Herr Knigge, entstanden ist Pulse of Europe ja als Reaktion auf den Brexit-Schock: Da schätzt jemand den Europa-Gedanken nicht wert, tritt aus – lasst uns etwas tun! Aktuell wird es wieder stiller – wie soll es weitergehen?
Ja, wir hatten einen tollen Start, europaweit sind Leute gemeinsam für Europa auf die Straße gegangen! Nach dem großen Hype im letzten Frühsommer vor den Wahlen in den Niederlanden und Frankreich gingen die Teilnehmerzahlen dann zurück. Wir halten immer noch regelmäßig und auch aus speziellen Anlässen Demonstrationen ab.
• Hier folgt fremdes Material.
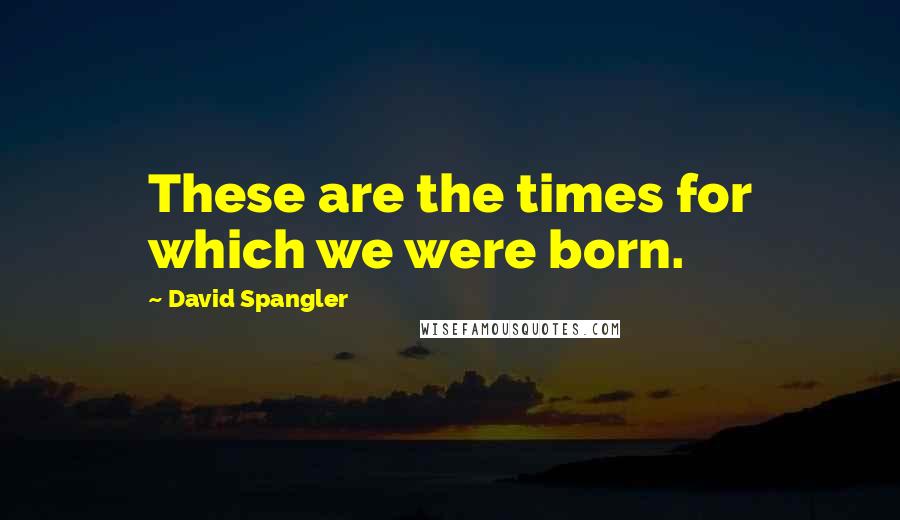 David Spangler Quotes: These are the times for which we were born.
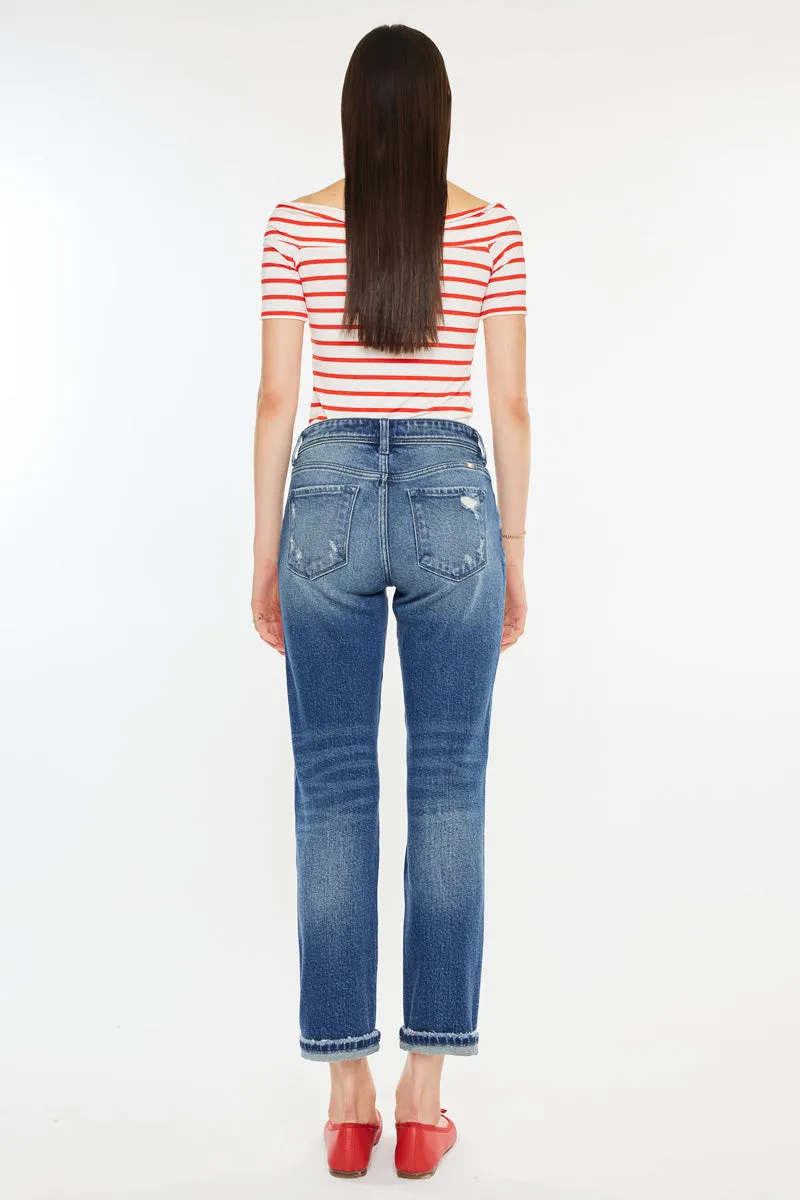 Evelin Mid Rise Cropped Straight Jeans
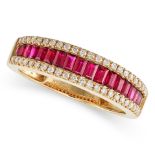 A RUBY AND DIAMOND BAND RING in 18ct yellow gold, set half way around with a row of graduated ste...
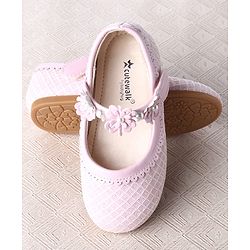 Cute Walk by Babyhug Velcro Closure Ballerina With Floral Applique & Checks Design - Sea Green
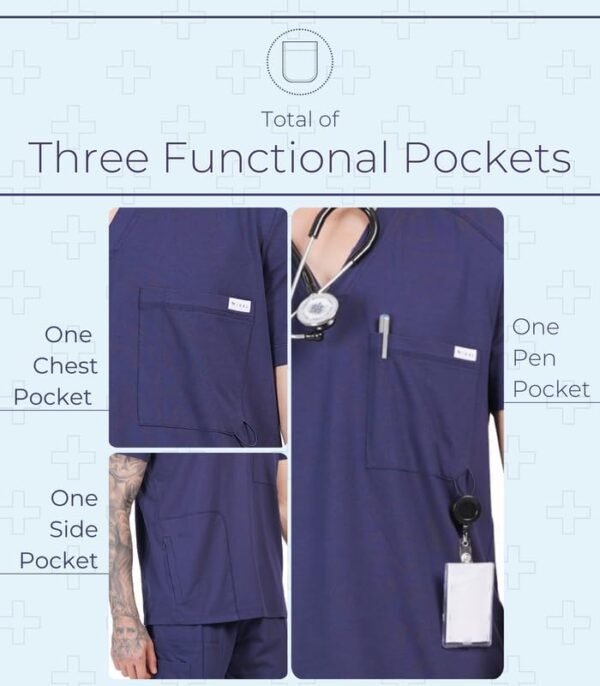 MIKAL Scrub Tops for Men V Neck Relaxed Fit W/ 3 Pockets, Super Soft Cotton Premium Knitted Medical/Health Care Uniform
Aber wir haben überlegt, wie wir diese tolle Sache, die im Frühling passiert war, zusätzlich zu etwas Dauerhaftem, Nachhaltigem machen können. Und wir haben Pläne…
Es haben ja viele gesagt: Ihr müsst spezifischere europapolitische Forderungen stellen! Wir haben das aber instinktiv von Anfang an nicht getan und uns auch entschieden, es zunächst so zu belassen. Wir kümmern uns eher um einen emotionalen Zugang zu Europa, an dem alle teilhaben können. Wir stehen eher für eine Haltung als für ein ganz spezielles Programm und möchten einen Kreis für Konstruktive und positiv Eingestellte bieten.
Aber Sie haben ja auch Grundsätze von „Europa darf nicht scheitern" bis zu „Alle sollen mitmachen"…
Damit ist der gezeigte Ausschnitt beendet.